» Listed records:
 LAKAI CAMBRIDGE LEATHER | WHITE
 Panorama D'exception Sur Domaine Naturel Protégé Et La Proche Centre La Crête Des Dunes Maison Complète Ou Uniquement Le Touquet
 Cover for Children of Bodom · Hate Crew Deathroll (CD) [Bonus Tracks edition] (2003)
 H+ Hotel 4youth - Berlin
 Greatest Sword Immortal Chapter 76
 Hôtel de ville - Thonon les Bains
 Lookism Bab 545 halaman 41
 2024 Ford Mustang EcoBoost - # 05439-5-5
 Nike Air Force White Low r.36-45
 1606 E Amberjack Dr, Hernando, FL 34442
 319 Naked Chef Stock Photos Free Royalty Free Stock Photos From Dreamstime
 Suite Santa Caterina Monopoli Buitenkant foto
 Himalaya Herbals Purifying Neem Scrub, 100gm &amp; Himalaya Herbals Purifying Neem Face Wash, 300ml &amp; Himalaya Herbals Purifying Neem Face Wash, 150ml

» Work to be completed:
In the listing above, locate the line containing "Panorama D'exception Sur" and the line containing "1606 E Amberjack Dr, Hernando, FL 34442", then transcribe both and every line between them verbatim.

» Reply:
 Panorama D'exception Sur Domaine Naturel Protégé Et La Proche Centre La Crête Des Dunes Maison Complète Ou Uniquement Le Touquet
 Cover for Children of Bodom · Hate Crew Deathroll (CD) [Bonus Tracks edition] (2003)
 H+ Hotel 4youth - Berlin
 Greatest Sword Immortal Chapter 76
 Hôtel de ville - Thonon les Bains
 Lookism Bab 545 halaman 41
 2024 Ford Mustang EcoBoost - # 05439-5-5
 Nike Air Force White Low r.36-45
 1606 E Amberjack Dr, Hernando, FL 34442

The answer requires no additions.